Concept

Fountains in Paris

Summary
The Fountains in Paris originally provided drinking water for city residents, and now are decorative features in the city's squares and parks. Paris has more than two hundred fountains, the oldest dating back to the 16th century. It also has more than one hundred Wallace drinking fountains. Most of the fountains are the property of the municipality. In 2017, an investigation by the cultural heritage magazine La Tribune de l'art revealed that more than half of these fountains were not functioning. For the list of Paris fountains by arrondissement, See List of Paris fountains. The history of fountains in Paris until the mid-19th century was the history of the city's struggle to provide clean drinking water to its growing population. The building of fountains also depended upon the law of gravity; until the introduction of mechanical pumps, the source of the water had to be higher than the fountain for the water to flow. In the third century BC, the original inhabitants, the Parisii, took their water directly from the River Seine. By the first century BC, the Roman engineers of the town of Lutetia had built the aqueduct of Arcueil using gravity to provide water for their baths and for their public fountains. In the Middle Ages, the Roman aqueduct of Arcueil had fallen into ruins and residents once again took their water from the Seine or from wells.

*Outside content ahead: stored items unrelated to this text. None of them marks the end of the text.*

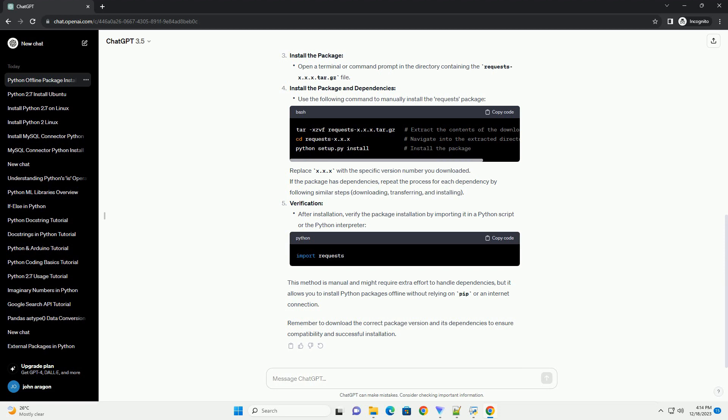Replace x.x.x with the specific version number you downloaded. If the package has dependencies, repeat the process for each dependency by following similar steps: downloading, transferring, and installing.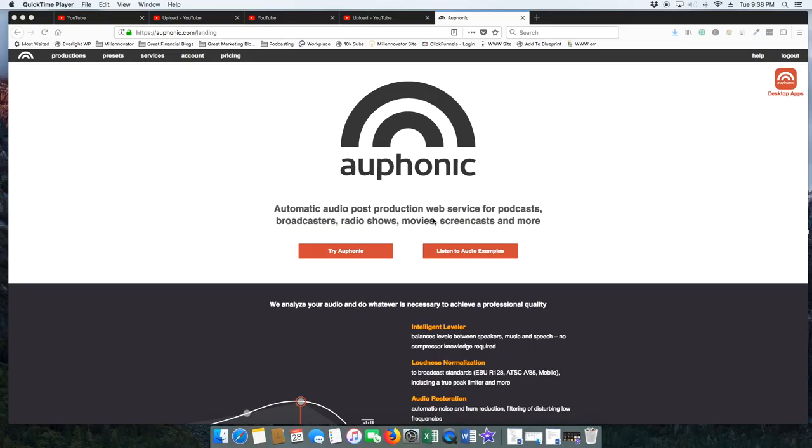So without further ado, let me show you my screen and how I create these on Auphonic for 100% free. Let's do it. All right, this is going to be so easy. I don't think you understand or can even comprehend how easy it is to make these audiograms for free on Auphonic.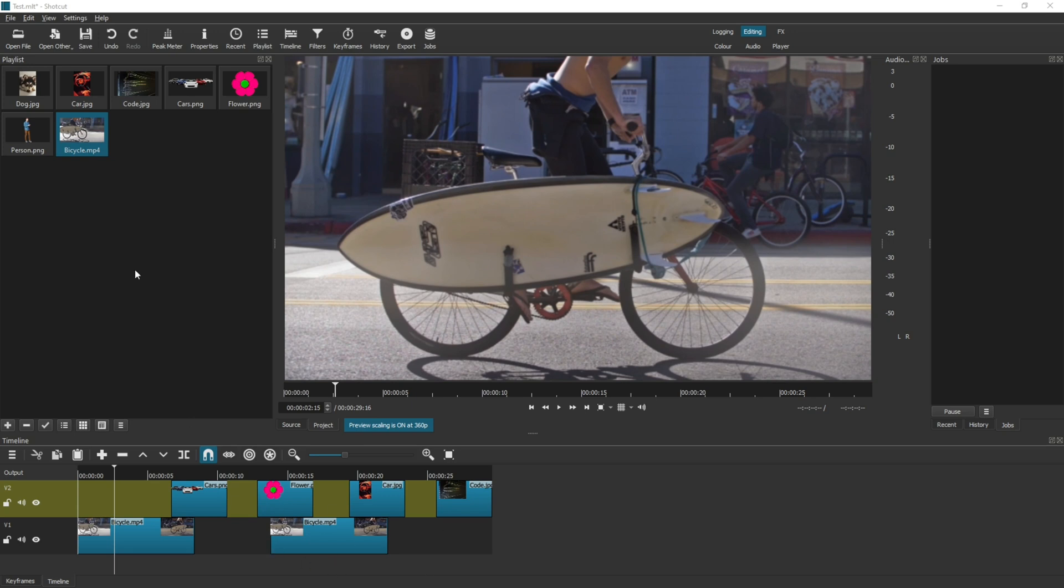And I have a video ready to save. Before we continue, it's important to understand that there's a difference between saving the project and exporting the project.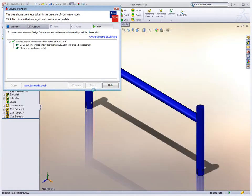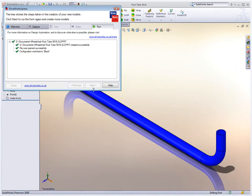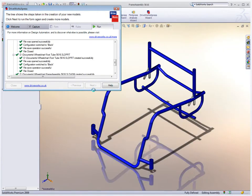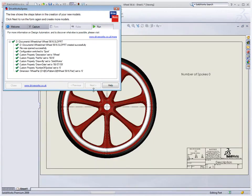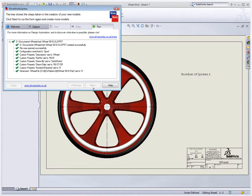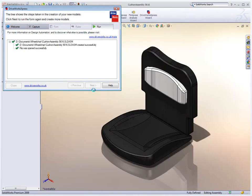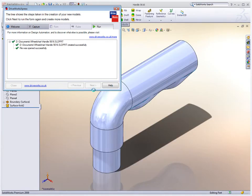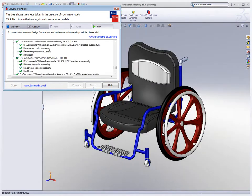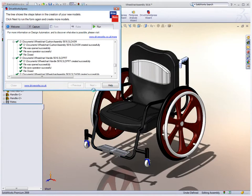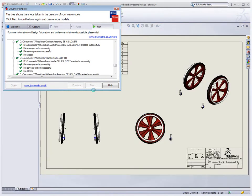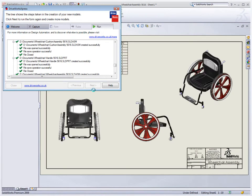For a wheelchair, things such as wheel design, color, or the overall size of the frame may be important factors. DriveWorks Express generates an entirely new design in a matter of minutes, with little or no effort.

By the reign of Philip II of France (1180–1223), two large monasteries existed outside the city walls north of Paris; the Abbey of Saint-Laurent, at the foot of Montmartre, and the Abbey of Saint-Martin-des-Champs. These monasteries received fresh water from two aqueducts; the Abbey of Saint Laurent by lead pipes coming from the heights of Romaineville and Menilmontant, and the Abbey of Saint-Martin-des-Champs by a masonry aqueduct coming from the summit of Belleville. In the first half of the 13th century, these two aqueducts were used to supply water to the first recorded fountains in medieval Paris, the Fontaine des Halles, the Fontaine des Innocents, and the Fontaine de Maubuée.